THE Fire Brigades Union (FBU) has said a new report that calls for Staffordshire Fire and Rescue to be merged with the police is a threat to the independence of the service.
Entitled Is there a case for full integration?, the report was commissioned jointly by the Staffordshire Police and Crime Commissioner (PCC) Mathew Ellis, Staffordshire Police, Staffordshire Fire and Rescue Service and Staffordshire and Stoke fire authority.
Rich Williams, secretary of the FBU in Staffordshire, said: ‘There is virtually no support for PCCs and certainly none to enable them to take over the fire and rescue service, such a move risks undermining public confidence in the accountability and governance of our emergency services.
‘PCCs pose an intrinsic threat to the independence and effectiveness of the fire and rescue service. Although the emergency services work together effectively, at many incidents, there is no operational reason for police and fire services to merge.
‘Police officers and firefighters perform very different roles – police officers have the power of arrest whereas firefighters do not. This distinction is an important aspect of firefighters’ relations with local communities.
‘The worry for firefighters is that mergers will undermine the public’s trust in the impartiality of the fire service, which they rely upon to gain access to people’s homes for vital fire prevention and emergency rescue work.
‘Enabling PCCs to take over fire and rescue service under the auspices of ‘efficiency savings’ is the next step in the government’s ideologically driven, cost-cutting agenda. Regrettably, merger proposals do nothing to invest much needed resources in fire and rescue services, or develop the role of firefighters to better meet today’s challenges and deliver safer, healthier and more resilient communities. Increasingly, firefighters are responding to new and emerging risks such as the threat from terrorism and the impact of climate change.’
The union has criticised the report for failing to address concerns around the future of the fire control room operated by Staffordshire and West Midlands fire services that cost £3.6m to set up just three years ago. The report also makes no mention of the cost of work required to make any takeover viable.
Meanwhile, FBU general secretary Matt Wrack has warned that budget cuts are undermining the effectiveness of fire services in England and Wales.
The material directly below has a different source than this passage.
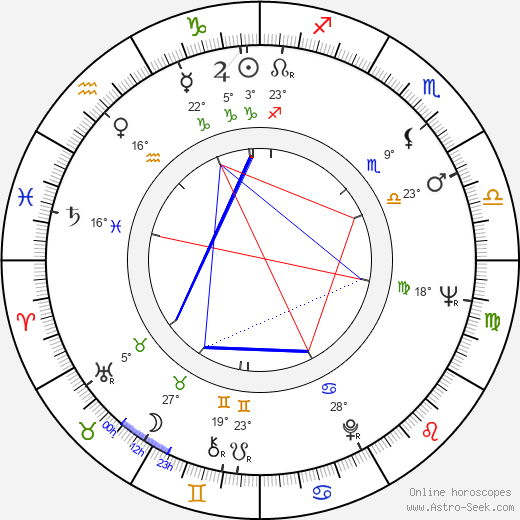 Ismail Merchant birth chart, biography, wikipedia 2024, 2025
Fire services’ budgets in England have been cut by 17% since 2010, according to National Audit Office figures.
And a BBC Radio 5live investigation has found response times in some areas have got worse in 2016, which Wrack says is putting lives at risk. 5live Investigates found that austerity cuts since 2010 have resulted in 3,382 fewer fire fighters, station closures and some appliances being taken off the road.
Figures suggested four out of five brigades had seen worsening average response times between 2009/10 and 2014/15. Wrack said: ‘There is very long-standing evidence that the longer it takes to get to incidents, the more likely people are injured or killed.’
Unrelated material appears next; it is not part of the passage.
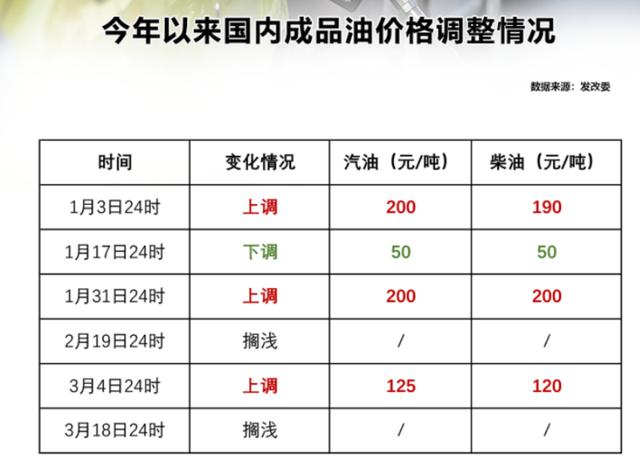 成品油价格调整_成品油价格调整对渔业补助资金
Merseyside Fire and Rescue Service chief fire officer, Dan Stephens, confirmed it ‘simply isn’t possible to minimise the impact on response times for second and subsequent appliances when the overall number of appliances is reduced’.
He said this was ‘one of the inevitable consequences of the cuts. The fact that we are taking longer to get to incidents means there are people being injured or killed who would otherwise not have been.’